Gepost door: Paul Voestermans | 25 januari, 2018

Verlos ons van het onzalige identiteitsgedoe

“Hoe gelijker de omstandigheden zijn, des te moeilijker de verschillen te verklaren zijn die er daadwerkelijk tussen mensen bestaan en daardoor worden individuen en groepen steeds ongelijker aan elkaar.”

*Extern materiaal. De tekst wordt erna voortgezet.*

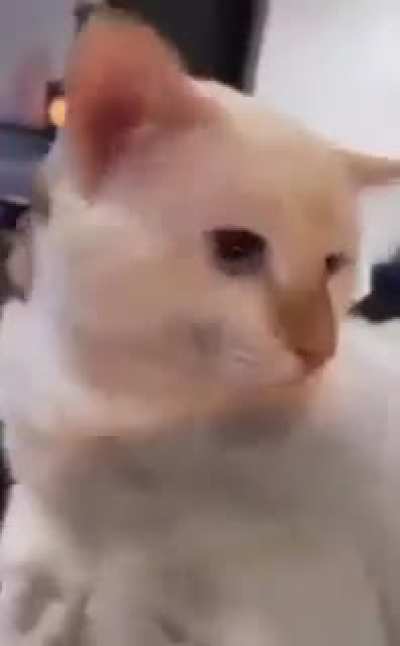 Dr. Meow go brrrr, oioioioioi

Hannah Arendt, Antisemitisme.

“Ik zou zeggen, schaf de diversiteitstrainingen af en volsta met de mededeling: er zijn mensen die om diverse redenen de schijn tegenhebben en er zijn mensen die om diverse redenen altijd het voordeel van de twijfel krijgen, zelfs als ze dat niet verdienen. Al het andere wat hierover gezegd kan worden is ruis, aangevuld met verontwaardiging in prettige en minder prettige vormen.

Arnon Grunberg

Is links of rechts gebaat bij een ‘cultuuroorlog’ over diversiteit? Het antwoord is kort en bondig: nee. Zo’n oorlog – over ras, gender, of klasse – versterkt destructieve krachten in de samenleving. Dat zie je aan de discussies over ‘woke’. Woke is de overdrijving en destructieve politisering van identiteit en diversiteit. Als zodanig is ‘woke’ niet hetzelfde als recht doen aan groeperingen die grof te lijden hebben gehad van het bevestigen van maar één enkele waardevolle identiteit, namelijk die van de ingezetenen van de Westerse wereld. Eeuwenlang heeft het bevestigen daarvan het leven van de overrulede anderen bedreigd. Dat staat op het spel in de discussie over diversiteit en niks anders. Woke kan naar de schroothoop. Identitaire politiek en bewegingen ook, maar niet deze bedreiging. Wel is het zo: de stok moet helaas even worden doorgebogen om hem recht te krijgen. zo kun je ‘woke’ ook bekijken.

Dat betekent dat verscheidenheid en acceptatie van verschillen, mits niet uitvergroot tot ‘cultuur’, nastrevenswaard blijven. Er is te lang negatief gedaan over andere groeperingen en dat moet inderdaad ophouden

In het jaarverslag van de NRC van 2017 werd het identiteitsdebat uitgeroepen tot een van de belangrijkste debatten van dat jaar. Zou je het weer onderzoeken dan zal, denk ik, blijken dat het nog steeds een actueel debat is.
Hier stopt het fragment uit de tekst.